The court found that there were two significant differences between an interrogation of a person taken into custody and that of detainees. The first was the length of the detention; investigative detentions were brief and usually culminated in the issuance of a citation and release of the defendant. Second, the circumstances attendant to roadside detention were substantially less coercive and compulsive than those typically surrounding custodial interrogation. The court noted that, during most traffic stops, the actions of the officer are "exposed" to public view and that stops typically involve only one or two officers. The Berkemer ruling held that:

- A police officer can stop a vehicle if he has a reasonable articulable reason to suspect that "criminal activity is occurring."

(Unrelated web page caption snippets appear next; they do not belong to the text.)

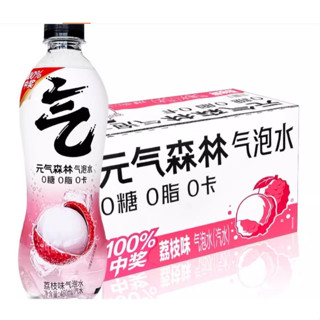 元氣森林氣泡水480ml荔枝味無糖0脂0卡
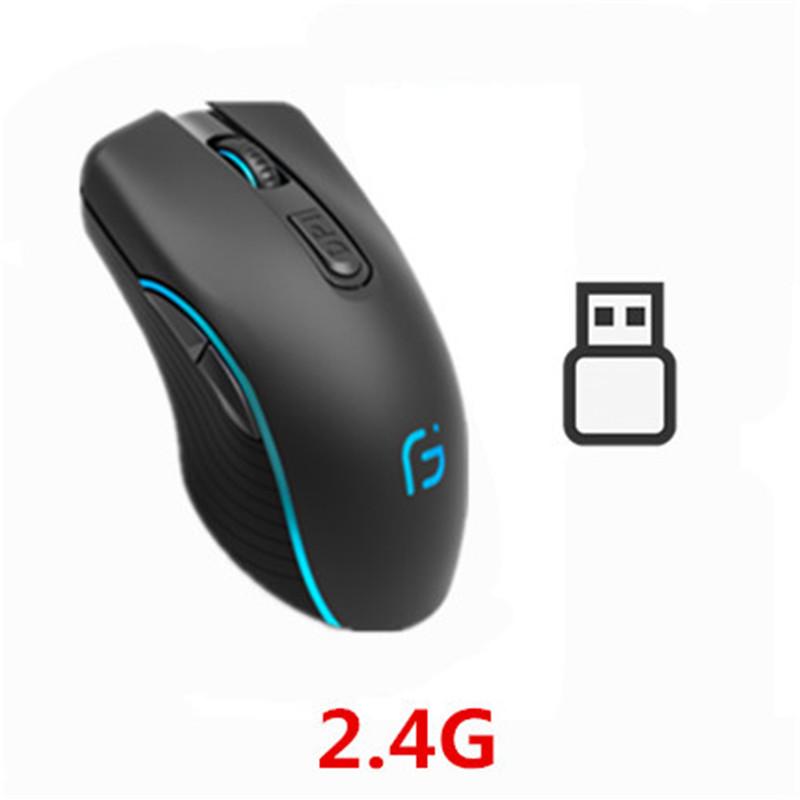 Sạc Máy Tính X9 Hai Chế Độ Bluetooth 4.0 + 2.4Ghz Không Dây Mause Quang Học 2400DPI Chơi Game Cho Máy Tính Laptop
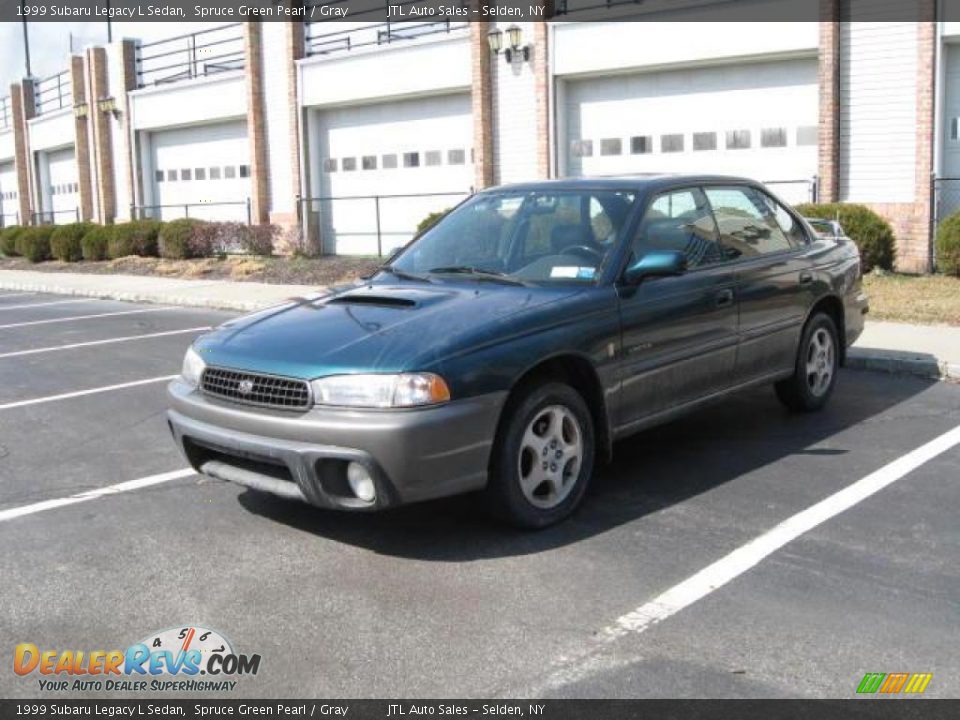 1999 Subaru Legacy L Sedan Spruce Green Pearl / Gray Photo #1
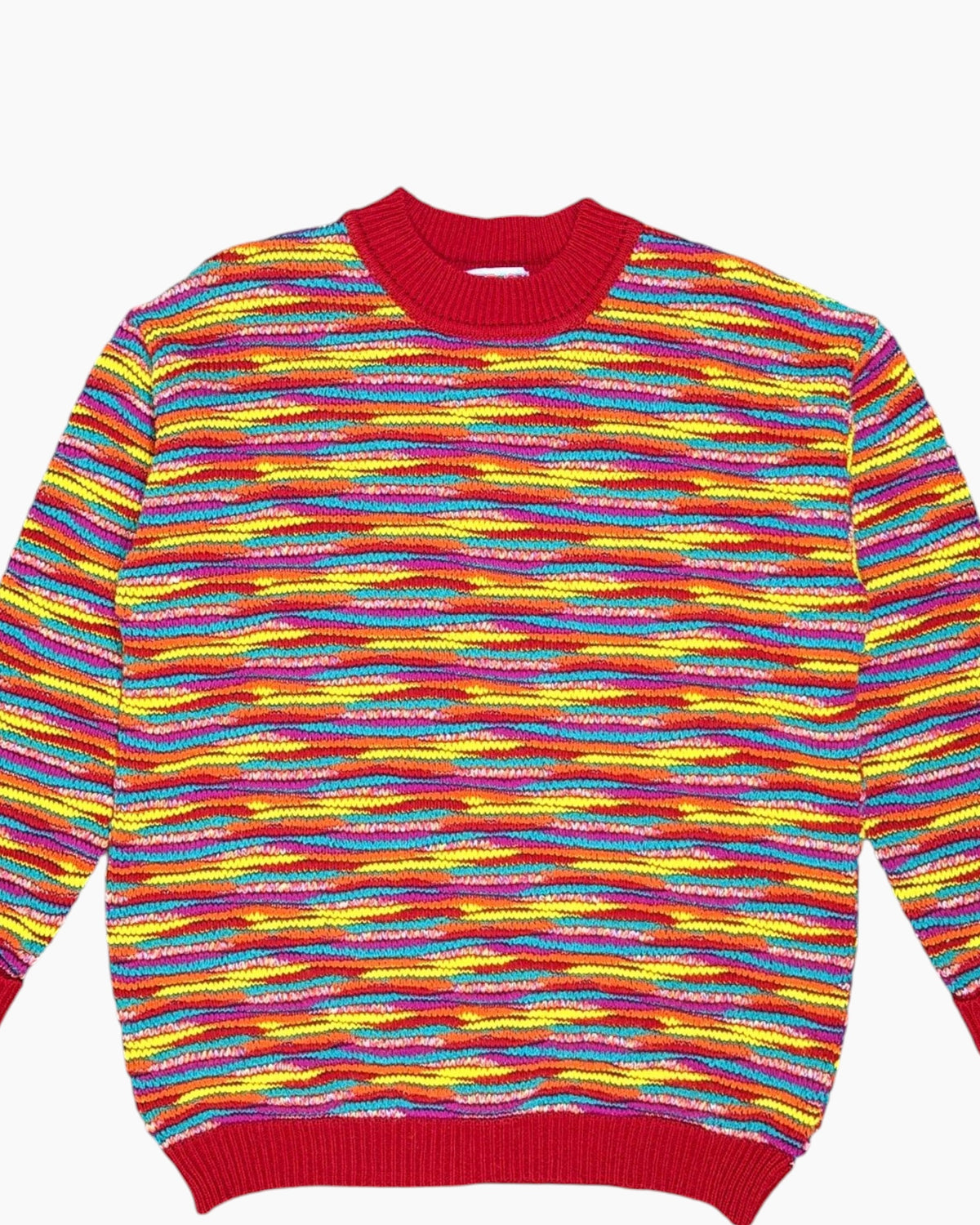 Vintage MISSONI Pullover Sweater IT 170 / L Retro Multicolor (80s 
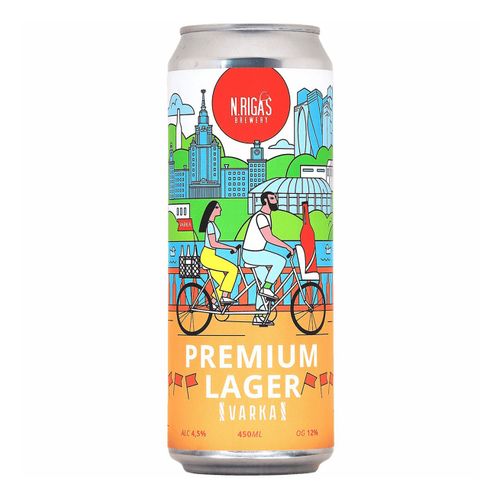 Пиво Varka Premium Lager фильтрованное светлое 450 мл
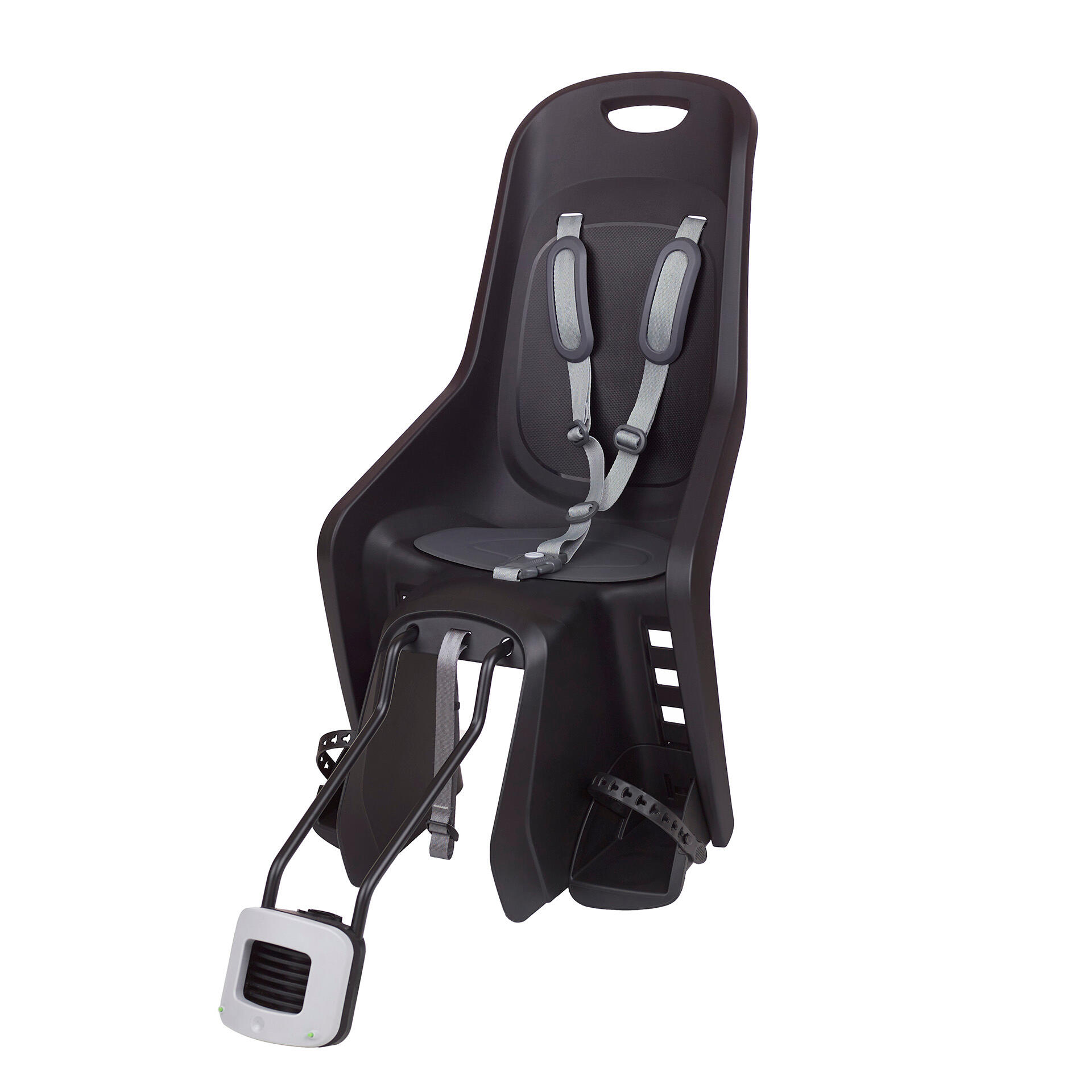 POLISPORT Seggiolino Posteriore Bambini Bicicletta Al Telaio Piccolo/29er Bubbly Nero
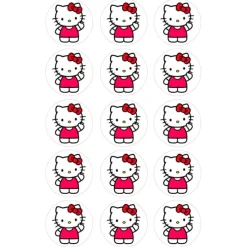 Oblea Hello Kitty 3 - 5 cm (15) - María Lunarillos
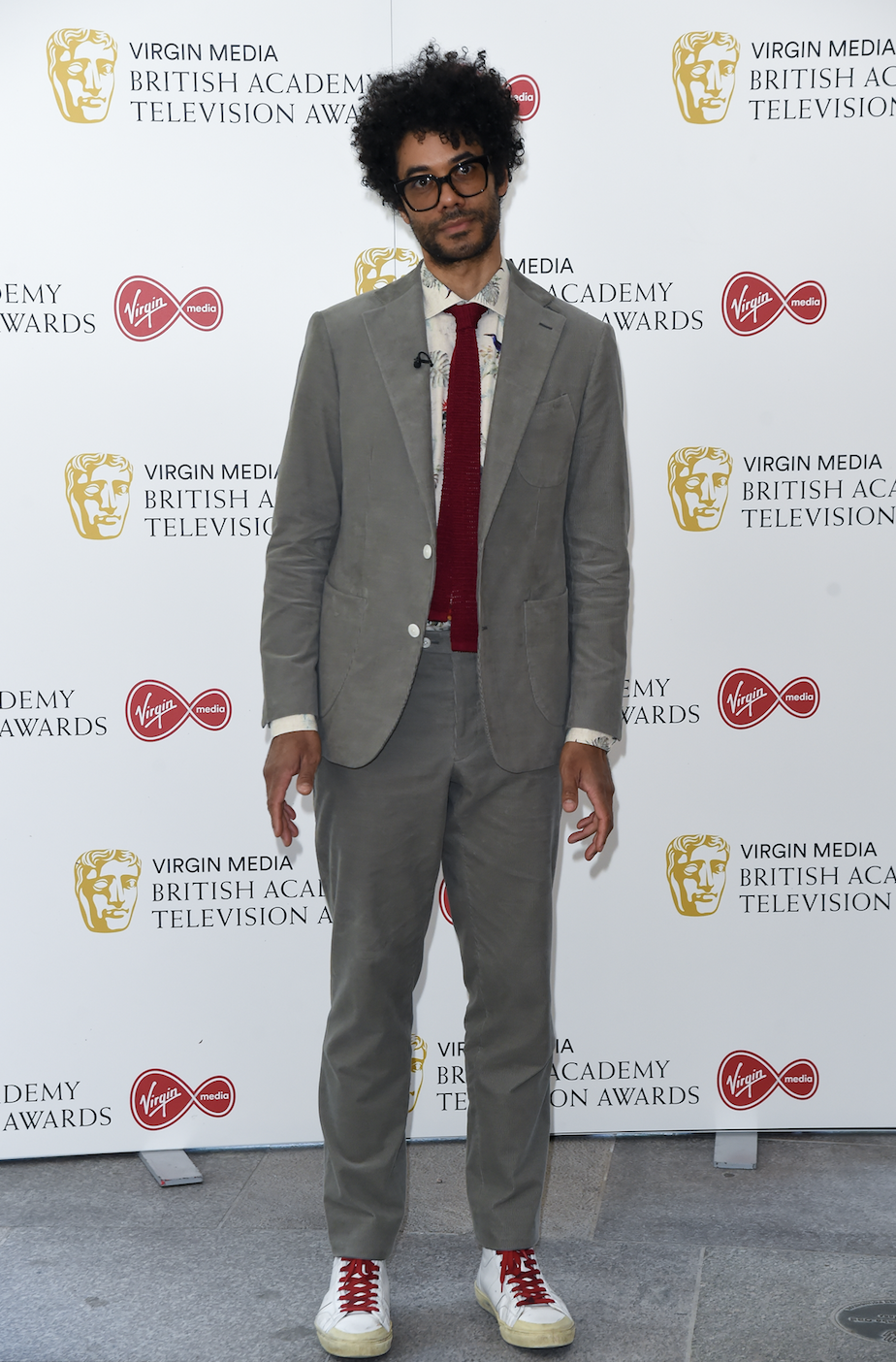 richard ayoade attends the virgin media british academy television award 2020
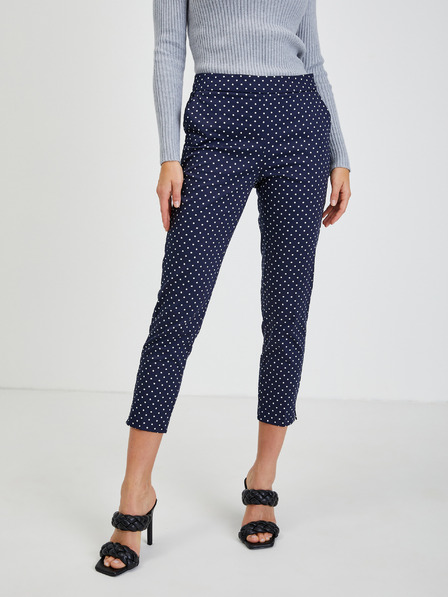 Orsay Dunkelblaue gepunktete Damenhose ORSAY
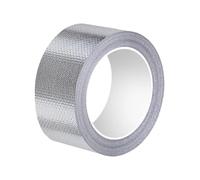 Milageto Nastro in alluminio e fibra di vetro, nastro protettivo termico, 20 m, multifunzionale, ignifugo, a prova di perdite, sigillante e riparatore per, 5 Cm di Larghezza
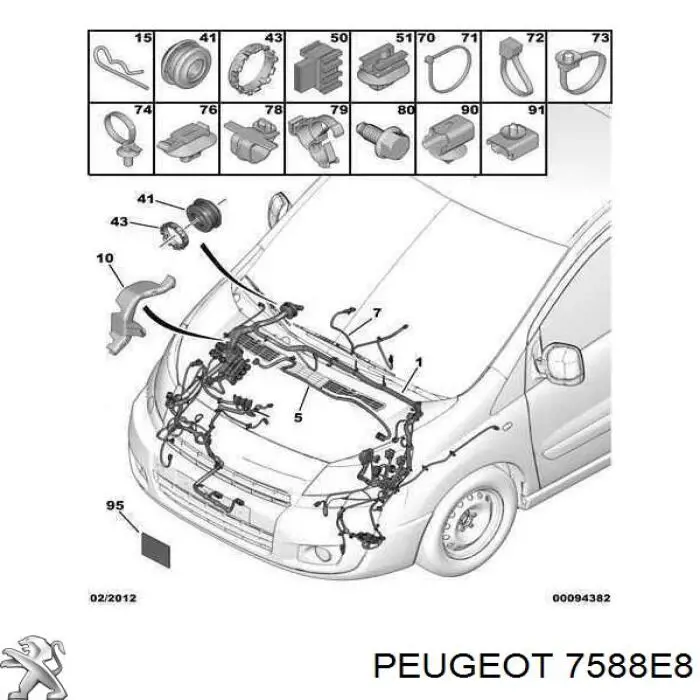 7588E8 Peugeot/Citroen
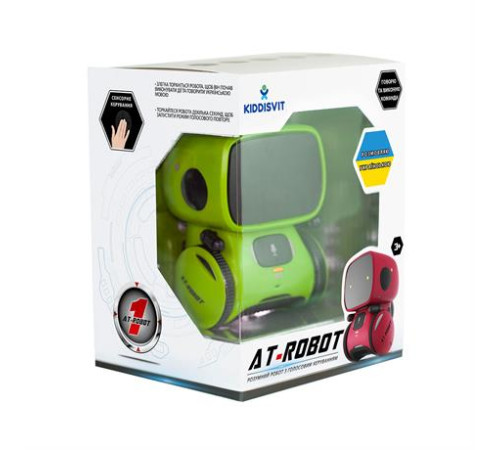 Інтерактивний робот AT-Robot із голосовим управлінням українською зелений (AT001-02-UKR) Інтерактивний робот AT-Robot із голосовим управлінням українською зелений (AT001-02-UKR)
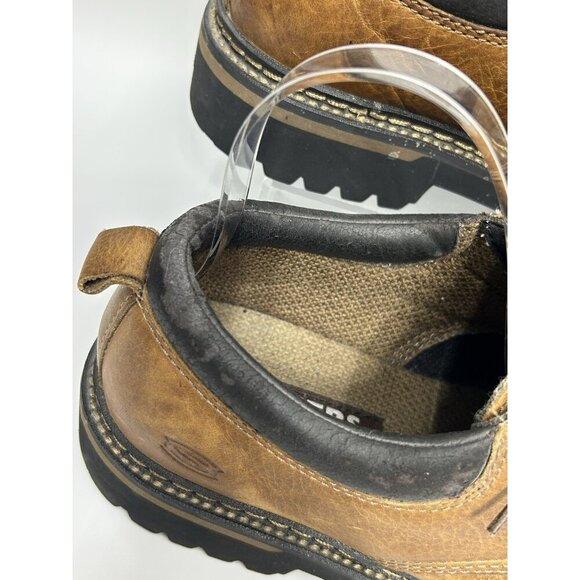 Skechers Tom Cats Men’s 8.5 Oxford Brown Leather Lace Shoes Y2K Chunky Platform main image 7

- The officer may detain a person for sufficient time to conduct a reasonable investigation that either confirms or dispels his suspicions.

- The officer is not required to arrest the suspect once the officer has probable cause. The officer may delay the arrest for purposes of conducting a noncustodial interrogation.

- The officer may interrogate the suspect without advising him of his Miranda rights.